64th ISI World Statistics Congress

Modernizing Access to Statistics Canada’s Microdata Files

Conference

64th ISI World Statistics Congress

Format: CPS Abstract

Keywords: governance, metadata, microdata

Session: CPS 40 - Aspects of official statistics III

Tuesday 18 July 8:30 a.m. - 9:40 a.m. (Canada/Eastern)

Abstract

Over the last several years, Statistics Canada (StatCan) has been forming and implementing its modernization strategy, with a focus on user-centric delivery, sharing and collaboration, and enhanced tools and platforms. In line with this corporate initiative, StatCan’s Data Access Division (DAD) has been leading efforts to update the platforms and governance that facilitate access to microdata for external users.

Launched in 2021 and 2022, the Virtual DataLab (vDL) and the Rich Data Services (RDS) platforms provide users with 24/7 access to confidential and public use microdata files, respectively. These cloud-based platforms were both developed to align with the Government of Canada’s cloud-first approach, which highlights the need to implement this type of technology in order to improve the existing information technology (IT) services. The shift to cloud-based IT infrastructure has significantly improved access to microdata for external users, by eliminating geographical constraints, and providing modern and flexible platforms.

The vDL is a secure access solution hosted on the Microsoft Azure cloud, which enables access to a wide range of de-identified microdata files along with a variety of software that allows users to analyze the data. With the launch of this innovative platform, a new governance framework was implemented, premised on a shared-risk approach that leverages partner accountability for oversight and monitoring of its vDL users. Access to the vDL is predicated on an agreement between StatCan and the accessing organization, each user receiving accreditation, and an evaluation of the sensitivity of the data; data deemed too sensitive remains in our on-premises access locations.

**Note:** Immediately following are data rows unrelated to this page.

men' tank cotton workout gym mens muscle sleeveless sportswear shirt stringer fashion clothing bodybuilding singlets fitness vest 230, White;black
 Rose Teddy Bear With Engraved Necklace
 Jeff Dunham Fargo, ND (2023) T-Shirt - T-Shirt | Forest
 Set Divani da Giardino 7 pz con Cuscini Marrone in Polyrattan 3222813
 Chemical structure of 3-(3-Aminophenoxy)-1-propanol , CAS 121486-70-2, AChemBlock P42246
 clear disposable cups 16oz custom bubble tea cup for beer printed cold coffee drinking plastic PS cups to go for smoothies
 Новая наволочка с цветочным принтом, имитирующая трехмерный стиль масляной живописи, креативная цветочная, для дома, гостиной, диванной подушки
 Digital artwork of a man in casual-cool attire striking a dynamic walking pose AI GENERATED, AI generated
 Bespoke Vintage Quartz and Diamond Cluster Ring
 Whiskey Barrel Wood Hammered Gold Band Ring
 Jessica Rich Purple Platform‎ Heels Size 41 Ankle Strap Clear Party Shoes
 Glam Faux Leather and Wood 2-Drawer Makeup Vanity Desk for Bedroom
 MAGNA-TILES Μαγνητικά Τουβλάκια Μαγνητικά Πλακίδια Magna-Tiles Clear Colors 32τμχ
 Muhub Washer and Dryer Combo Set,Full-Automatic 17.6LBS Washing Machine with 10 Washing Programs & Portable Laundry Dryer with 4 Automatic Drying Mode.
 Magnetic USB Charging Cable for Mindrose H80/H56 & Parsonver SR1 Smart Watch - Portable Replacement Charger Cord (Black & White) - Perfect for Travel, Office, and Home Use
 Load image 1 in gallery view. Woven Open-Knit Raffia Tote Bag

The RDS platform, developed by Metadata Technology North America, hosts StatCan’s public use microdata files (PUMFs), and allows users to create customized datasets, codebooks, and analytical tables, as well as run linear regressions. Additionally, it standardizes PUMF metadata in machine-readable formats to support automation and system integration, which are part of a StatCan led metadata modernization project. This project will help ensure a clear governance structure is in place in order for metadata to be standardized and managed across the agency, as well as to ensure users have easy access to clear and accurate data and metadata.

This paper will outline the new platforms and governance for access to microdata in Statistics Canada’s Data Access Division.